■ RECORDS SHOWN ■
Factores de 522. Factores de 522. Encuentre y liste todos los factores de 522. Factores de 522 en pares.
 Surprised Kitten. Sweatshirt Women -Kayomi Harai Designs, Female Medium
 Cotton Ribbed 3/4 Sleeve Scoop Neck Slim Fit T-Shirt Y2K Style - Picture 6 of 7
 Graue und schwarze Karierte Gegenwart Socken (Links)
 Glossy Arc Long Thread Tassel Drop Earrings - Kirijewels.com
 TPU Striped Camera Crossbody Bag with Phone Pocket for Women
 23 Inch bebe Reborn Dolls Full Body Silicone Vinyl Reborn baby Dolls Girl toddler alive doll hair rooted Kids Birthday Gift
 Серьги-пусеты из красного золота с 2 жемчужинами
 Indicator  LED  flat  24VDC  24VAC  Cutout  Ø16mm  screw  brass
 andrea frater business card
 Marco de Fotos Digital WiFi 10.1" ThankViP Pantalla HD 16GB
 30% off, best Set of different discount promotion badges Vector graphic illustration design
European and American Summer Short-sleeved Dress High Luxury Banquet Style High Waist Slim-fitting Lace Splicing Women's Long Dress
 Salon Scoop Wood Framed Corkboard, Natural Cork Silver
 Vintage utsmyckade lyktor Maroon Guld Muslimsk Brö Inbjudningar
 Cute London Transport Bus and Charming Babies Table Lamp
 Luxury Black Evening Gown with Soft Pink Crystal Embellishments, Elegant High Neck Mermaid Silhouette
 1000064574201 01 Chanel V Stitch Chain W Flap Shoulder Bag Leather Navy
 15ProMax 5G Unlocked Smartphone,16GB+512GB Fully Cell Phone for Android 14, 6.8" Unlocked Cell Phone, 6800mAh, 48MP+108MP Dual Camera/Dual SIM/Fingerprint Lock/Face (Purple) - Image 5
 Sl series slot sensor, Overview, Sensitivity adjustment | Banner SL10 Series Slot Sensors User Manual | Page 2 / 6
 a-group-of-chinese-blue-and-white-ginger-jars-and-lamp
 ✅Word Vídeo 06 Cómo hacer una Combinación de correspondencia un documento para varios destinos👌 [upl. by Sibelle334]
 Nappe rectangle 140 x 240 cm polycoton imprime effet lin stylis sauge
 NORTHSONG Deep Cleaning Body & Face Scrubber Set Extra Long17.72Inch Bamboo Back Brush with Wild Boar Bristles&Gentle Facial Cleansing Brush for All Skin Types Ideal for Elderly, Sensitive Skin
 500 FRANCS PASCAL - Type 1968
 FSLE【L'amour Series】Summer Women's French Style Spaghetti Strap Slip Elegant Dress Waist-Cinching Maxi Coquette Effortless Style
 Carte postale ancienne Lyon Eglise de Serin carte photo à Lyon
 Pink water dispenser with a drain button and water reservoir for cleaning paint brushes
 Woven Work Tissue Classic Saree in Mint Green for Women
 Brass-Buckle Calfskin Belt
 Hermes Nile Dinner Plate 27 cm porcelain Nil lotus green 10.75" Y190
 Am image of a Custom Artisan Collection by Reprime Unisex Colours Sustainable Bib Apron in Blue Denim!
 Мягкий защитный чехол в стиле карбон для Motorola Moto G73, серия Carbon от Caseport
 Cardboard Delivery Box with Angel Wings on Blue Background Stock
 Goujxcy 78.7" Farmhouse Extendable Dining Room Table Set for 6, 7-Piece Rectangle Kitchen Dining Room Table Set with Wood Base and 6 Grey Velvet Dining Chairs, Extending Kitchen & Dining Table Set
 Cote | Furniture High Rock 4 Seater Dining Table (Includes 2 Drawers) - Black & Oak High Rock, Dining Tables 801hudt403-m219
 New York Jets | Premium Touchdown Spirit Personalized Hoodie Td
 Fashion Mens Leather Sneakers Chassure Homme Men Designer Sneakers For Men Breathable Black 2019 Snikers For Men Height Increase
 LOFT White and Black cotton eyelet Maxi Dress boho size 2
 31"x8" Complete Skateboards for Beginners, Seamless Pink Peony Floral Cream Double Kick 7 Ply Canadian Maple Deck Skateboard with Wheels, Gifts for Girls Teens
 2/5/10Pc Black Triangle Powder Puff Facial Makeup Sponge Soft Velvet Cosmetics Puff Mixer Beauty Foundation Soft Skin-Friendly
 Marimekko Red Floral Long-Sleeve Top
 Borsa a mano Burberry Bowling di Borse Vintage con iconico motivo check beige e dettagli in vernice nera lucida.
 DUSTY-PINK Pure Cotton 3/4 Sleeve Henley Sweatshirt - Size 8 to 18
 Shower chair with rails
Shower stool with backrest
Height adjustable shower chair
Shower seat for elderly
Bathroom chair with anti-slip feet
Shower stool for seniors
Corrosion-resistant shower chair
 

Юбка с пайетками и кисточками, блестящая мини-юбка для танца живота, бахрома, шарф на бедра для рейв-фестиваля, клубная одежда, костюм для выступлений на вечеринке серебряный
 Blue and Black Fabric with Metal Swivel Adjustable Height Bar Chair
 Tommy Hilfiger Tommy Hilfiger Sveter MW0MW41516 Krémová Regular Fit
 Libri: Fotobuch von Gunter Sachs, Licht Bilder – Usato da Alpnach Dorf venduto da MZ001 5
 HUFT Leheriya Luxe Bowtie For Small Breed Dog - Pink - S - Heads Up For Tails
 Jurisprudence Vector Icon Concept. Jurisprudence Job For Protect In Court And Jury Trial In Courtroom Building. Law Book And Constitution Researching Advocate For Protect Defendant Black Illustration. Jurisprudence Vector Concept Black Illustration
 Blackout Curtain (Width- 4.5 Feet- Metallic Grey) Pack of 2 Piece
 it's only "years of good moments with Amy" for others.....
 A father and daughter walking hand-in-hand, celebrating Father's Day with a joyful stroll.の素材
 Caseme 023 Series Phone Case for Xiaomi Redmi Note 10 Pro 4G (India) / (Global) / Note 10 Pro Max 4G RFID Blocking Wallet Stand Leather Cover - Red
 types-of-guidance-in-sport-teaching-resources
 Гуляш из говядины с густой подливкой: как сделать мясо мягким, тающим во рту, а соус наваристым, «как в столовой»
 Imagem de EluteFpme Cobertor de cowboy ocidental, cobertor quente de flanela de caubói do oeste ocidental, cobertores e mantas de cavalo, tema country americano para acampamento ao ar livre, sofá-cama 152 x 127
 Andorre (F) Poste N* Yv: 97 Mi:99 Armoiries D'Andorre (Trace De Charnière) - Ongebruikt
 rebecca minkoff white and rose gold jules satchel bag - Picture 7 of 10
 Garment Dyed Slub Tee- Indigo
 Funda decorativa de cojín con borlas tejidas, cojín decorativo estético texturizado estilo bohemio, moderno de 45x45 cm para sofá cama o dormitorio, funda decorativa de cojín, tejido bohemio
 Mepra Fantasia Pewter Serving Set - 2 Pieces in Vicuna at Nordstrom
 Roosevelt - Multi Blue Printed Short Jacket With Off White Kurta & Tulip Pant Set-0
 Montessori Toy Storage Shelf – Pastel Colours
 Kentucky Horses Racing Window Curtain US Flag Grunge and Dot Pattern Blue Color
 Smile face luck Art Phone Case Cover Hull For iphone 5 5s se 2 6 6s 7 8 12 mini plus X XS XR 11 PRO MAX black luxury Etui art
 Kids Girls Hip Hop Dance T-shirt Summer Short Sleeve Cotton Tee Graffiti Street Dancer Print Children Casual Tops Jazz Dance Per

■ ABOUT THIS EXERCISE ■
Return the entries above, every line intact.

■ OUTPUT ■
Factores de 522. Factores de 522. Encuentre y liste todos los factores de 522. Factores de 522 en pares.
 Surprised Kitten. Sweatshirt Women -Kayomi Harai Designs, Female Medium
 Cotton Ribbed 3/4 Sleeve Scoop Neck Slim Fit T-Shirt Y2K Style - Picture 6 of 7
 Graue und schwarze Karierte Gegenwart Socken (Links)
 Glossy Arc Long Thread Tassel Drop Earrings - Kirijewels.com
 TPU Striped Camera Crossbody Bag with Phone Pocket for Women
 23 Inch bebe Reborn Dolls Full Body Silicone Vinyl Reborn baby Dolls Girl toddler alive doll hair rooted Kids Birthday Gift
 Серьги-пусеты из красного золота с 2 жемчужинами
 Indicator  LED  flat  24VDC  24VAC  Cutout  Ø16mm  screw  brass
 andrea frater business card
 Marco de Fotos Digital WiFi 10.1" ThankViP Pantalla HD 16GB
 30% off, best Set of different discount promotion badges Vector graphic illustration design
European and American Summer Short-sleeved Dress High Luxury Banquet Style High Waist Slim-fitting Lace Splicing Women's Long Dress
 Salon Scoop Wood Framed Corkboard, Natural Cork Silver
 Vintage utsmyckade lyktor Maroon Guld Muslimsk Brö Inbjudningar
 Cute London Transport Bus and Charming Babies Table Lamp
 Luxury Black Evening Gown with Soft Pink Crystal Embellishments, Elegant High Neck Mermaid Silhouette
 1000064574201 01 Chanel V Stitch Chain W Flap Shoulder Bag Leather Navy
 15ProMax 5G Unlocked Smartphone,16GB+512GB Fully Cell Phone for Android 14, 6.8" Unlocked Cell Phone, 6800mAh, 48MP+108MP Dual Camera/Dual SIM/Fingerprint Lock/Face (Purple) - Image 5
 Sl series slot sensor, Overview, Sensitivity adjustment | Banner SL10 Series Slot Sensors User Manual | Page 2 / 6
 a-group-of-chinese-blue-and-white-ginger-jars-and-lamp
 ✅Word Vídeo 06 Cómo hacer una Combinación de correspondencia un documento para varios destinos👌 [upl. by Sibelle334]
 Nappe rectangle 140 x 240 cm polycoton imprime effet lin stylis sauge
 NORTHSONG Deep Cleaning Body & Face Scrubber Set Extra Long17.72Inch Bamboo Back Brush with Wild Boar Bristles&Gentle Facial Cleansing Brush for All Skin Types Ideal for Elderly, Sensitive Skin
 500 FRANCS PASCAL - Type 1968
 FSLE【L'amour Series】Summer Women's French Style Spaghetti Strap Slip Elegant Dress Waist-Cinching Maxi Coquette Effortless Style
 Carte postale ancienne Lyon Eglise de Serin carte photo à Lyon
 Pink water dispenser with a drain button and water reservoir for cleaning paint brushes
 Woven Work Tissue Classic Saree in Mint Green for Women
 Brass-Buckle Calfskin Belt
 Hermes Nile Dinner Plate 27 cm porcelain Nil lotus green 10.75" Y190
 Am image of a Custom Artisan Collection by Reprime Unisex Colours Sustainable Bib Apron in Blue Denim!
 Мягкий защитный чехол в стиле карбон для Motorola Moto G73, серия Carbon от Caseport
 Cardboard Delivery Box with Angel Wings on Blue Background Stock
 Goujxcy 78.7" Farmhouse Extendable Dining Room Table Set for 6, 7-Piece Rectangle Kitchen Dining Room Table Set with Wood Base and 6 Grey Velvet Dining Chairs, Extending Kitchen & Dining Table Set
 Cote | Furniture High Rock 4 Seater Dining Table (Includes 2 Drawers) - Black & Oak High Rock, Dining Tables 801hudt403-m219
 New York Jets | Premium Touchdown Spirit Personalized Hoodie Td
 Fashion Mens Leather Sneakers Chassure Homme Men Designer Sneakers For Men Breathable Black 2019 Snikers For Men Height Increase
 LOFT White and Black cotton eyelet Maxi Dress boho size 2
 31"x8" Complete Skateboards for Beginners, Seamless Pink Peony Floral Cream Double Kick 7 Ply Canadian Maple Deck Skateboard with Wheels, Gifts for Girls Teens
 2/5/10Pc Black Triangle Powder Puff Facial Makeup Sponge Soft Velvet Cosmetics Puff Mixer Beauty Foundation Soft Skin-Friendly
 Marimekko Red Floral Long-Sleeve Top
 Borsa a mano Burberry Bowling di Borse Vintage con iconico motivo check beige e dettagli in vernice nera lucida.
 DUSTY-PINK Pure Cotton 3/4 Sleeve Henley Sweatshirt - Size 8 to 18
 Shower chair with rails
Shower stool with backrest
Height adjustable shower chair
Shower seat for elderly
Bathroom chair with anti-slip feet
Shower stool for seniors
Corrosion-resistant shower chair
 

Юбка с пайетками и кисточками, блестящая мини-юбка для танца живота, бахрома, шарф на бедра для рейв-фестиваля, клубная одежда, костюм для выступлений на вечеринке серебряный
 Blue and Black Fabric with Metal Swivel Adjustable Height Bar Chair
 Tommy Hilfiger Tommy Hilfiger Sveter MW0MW41516 Krémová Regular Fit
 Libri: Fotobuch von Gunter Sachs, Licht Bilder – Usato da Alpnach Dorf venduto da MZ001 5
 HUFT Leheriya Luxe Bowtie For Small Breed Dog - Pink - S - Heads Up For Tails
 Jurisprudence Vector Icon Concept. Jurisprudence Job For Protect In Court And Jury Trial In Courtroom Building. Law Book And Constitution Researching Advocate For Protect Defendant Black Illustration. Jurisprudence Vector Concept Black Illustration
 Blackout Curtain (Width- 4.5 Feet- Metallic Grey) Pack of 2 Piece
 it's only "years of good moments with Amy" for others.....
 A father and daughter walking hand-in-hand, celebrating Father's Day with a joyful stroll.の素材
 Caseme 023 Series Phone Case for Xiaomi Redmi Note 10 Pro 4G (India) / (Global) / Note 10 Pro Max 4G RFID Blocking Wallet Stand Leather Cover - Red
 types-of-guidance-in-sport-teaching-resources
 Гуляш из говядины с густой подливкой: как сделать мясо мягким, тающим во рту, а соус наваристым, «как в столовой»
 Imagem de EluteFpme Cobertor de cowboy ocidental, cobertor quente de flanela de caubói do oeste ocidental, cobertores e mantas de cavalo, tema country americano para acampamento ao ar livre, sofá-cama 152 x 127
 Andorre (F) Poste N* Yv: 97 Mi:99 Armoiries D'Andorre (Trace De Charnière) - Ongebruikt
 rebecca minkoff white and rose gold jules satchel bag - Picture 7 of 10
 Garment Dyed Slub Tee- Indigo
 Funda decorativa de cojín con borlas tejidas, cojín decorativo estético texturizado estilo bohemio, moderno de 45x45 cm para sofá cama o dormitorio, funda decorativa de cojín, tejido bohemio
 Mepra Fantasia Pewter Serving Set - 2 Pieces in Vicuna at Nordstrom
 Roosevelt - Multi Blue Printed Short Jacket With Off White Kurta & Tulip Pant Set-0
 Montessori Toy Storage Shelf – Pastel Colours
 Kentucky Horses Racing Window Curtain US Flag Grunge and Dot Pattern Blue Color
 Smile face luck Art Phone Case Cover Hull For iphone 5 5s se 2 6 6s 7 8 12 mini plus X XS XR 11 PRO MAX black luxury Etui art
 Kids Girls Hip Hop Dance T-shirt Summer Short Sleeve Cotton Tee Graffiti Street Dancer Print Children Casual Tops Jazz Dance Per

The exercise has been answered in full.